Data extract →

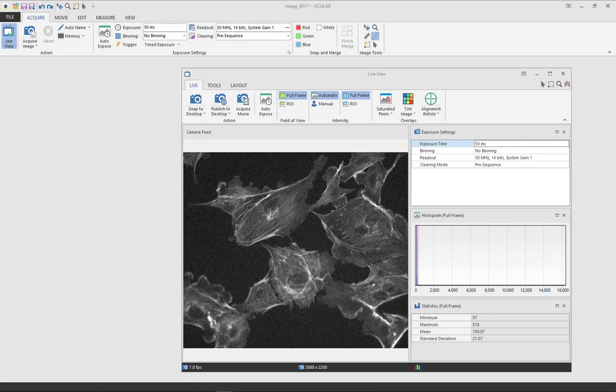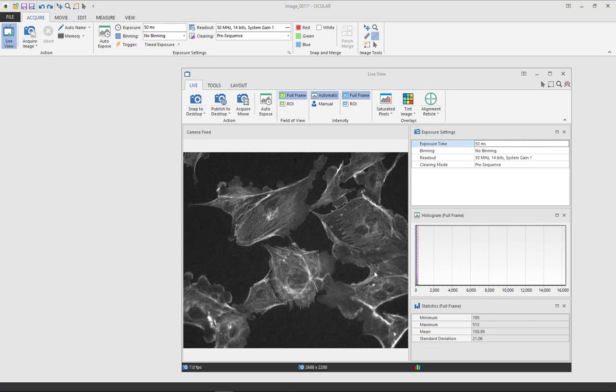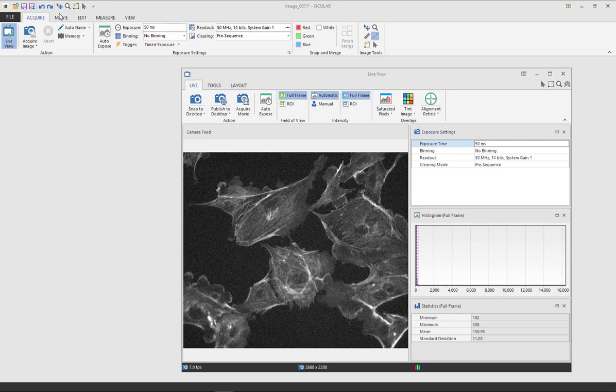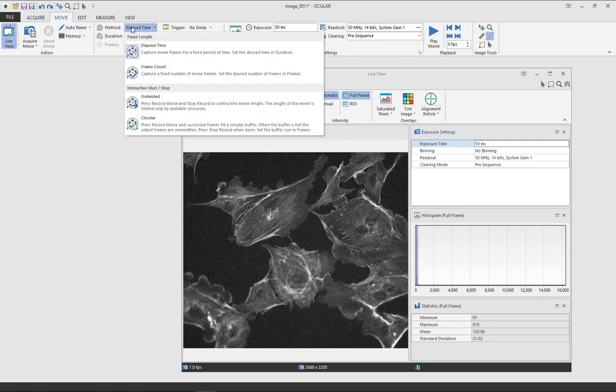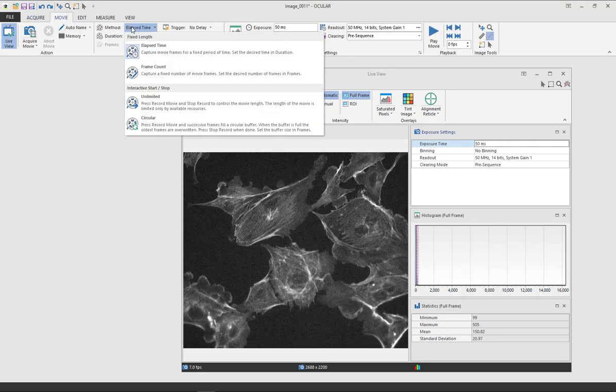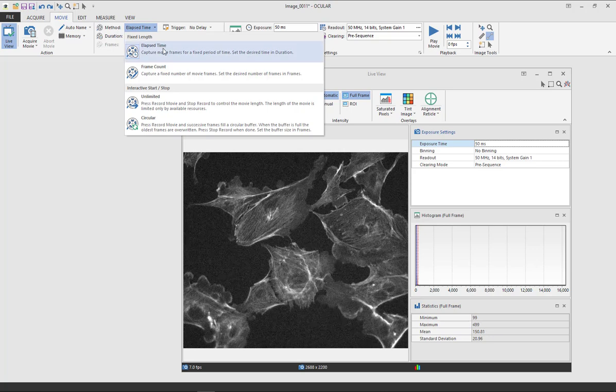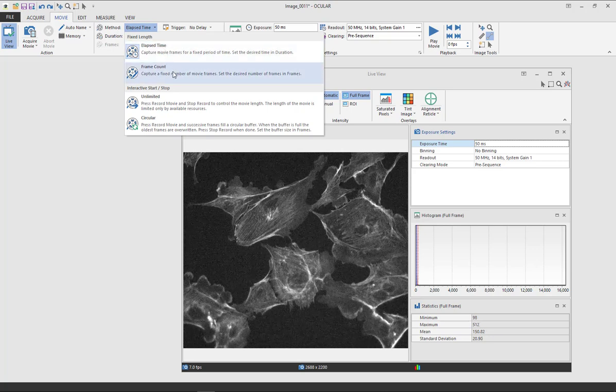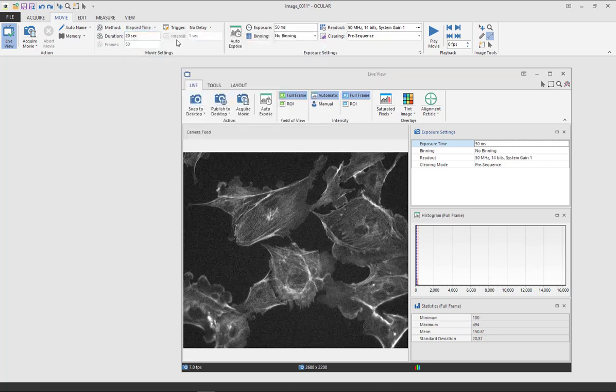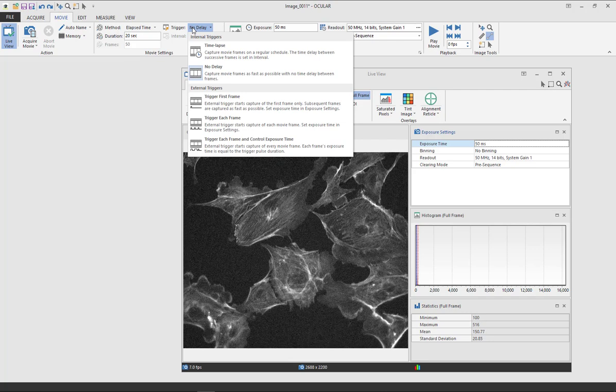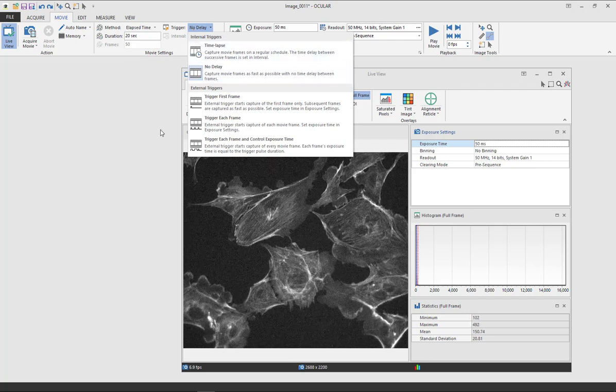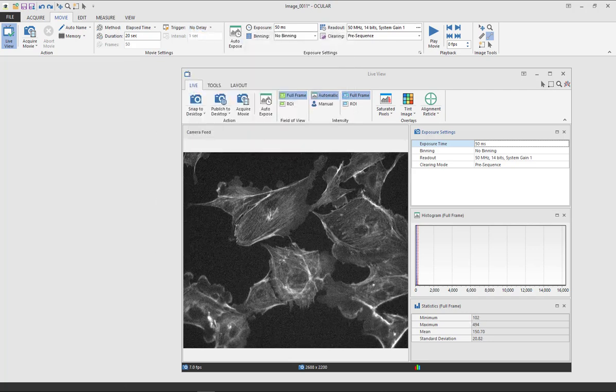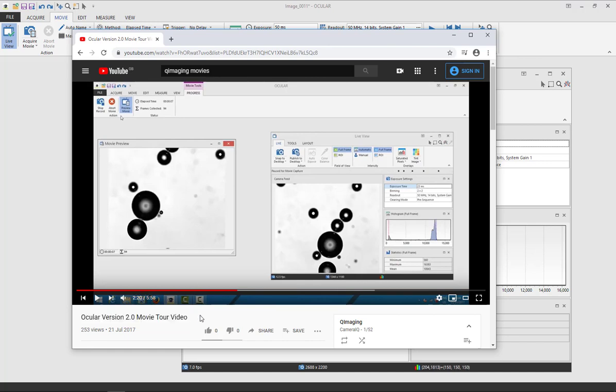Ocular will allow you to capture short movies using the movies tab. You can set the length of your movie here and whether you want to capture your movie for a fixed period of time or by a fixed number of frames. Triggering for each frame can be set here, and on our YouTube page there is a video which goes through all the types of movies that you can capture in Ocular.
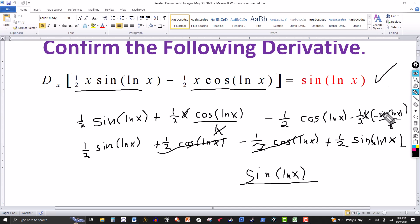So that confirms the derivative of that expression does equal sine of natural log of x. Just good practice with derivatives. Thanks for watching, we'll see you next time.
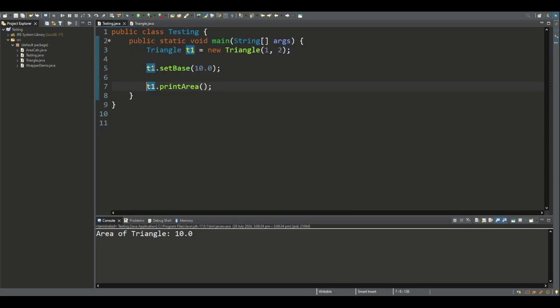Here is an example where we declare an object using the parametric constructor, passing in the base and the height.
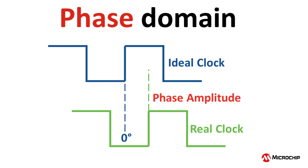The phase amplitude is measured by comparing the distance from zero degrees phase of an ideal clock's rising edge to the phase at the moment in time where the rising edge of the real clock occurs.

About this exercise → Leave the images out as you retype each line of the material exactly.

Response area →
Ocular will allow you to capture short movies using the movies tab. You can set the length of your movie here and whether you want to capture your movie for a fixed period of time or by a fixed number of frames. Triggering for each frame can be set here, and on our YouTube page there is a video which goes through all the types of movies that you can capture in Ocular.
So that confirms the derivative of that expression does equal sine of natural log of x. Just good practice with derivatives. Thanks for watching, we'll see you next time.
Here is an example where we declare an object using the parametric constructor, passing in the base and the height.
The phase amplitude is measured by comparing the distance from zero degrees phase of an ideal clock's rising edge to the phase at the moment in time where the rising edge of the real clock occurs.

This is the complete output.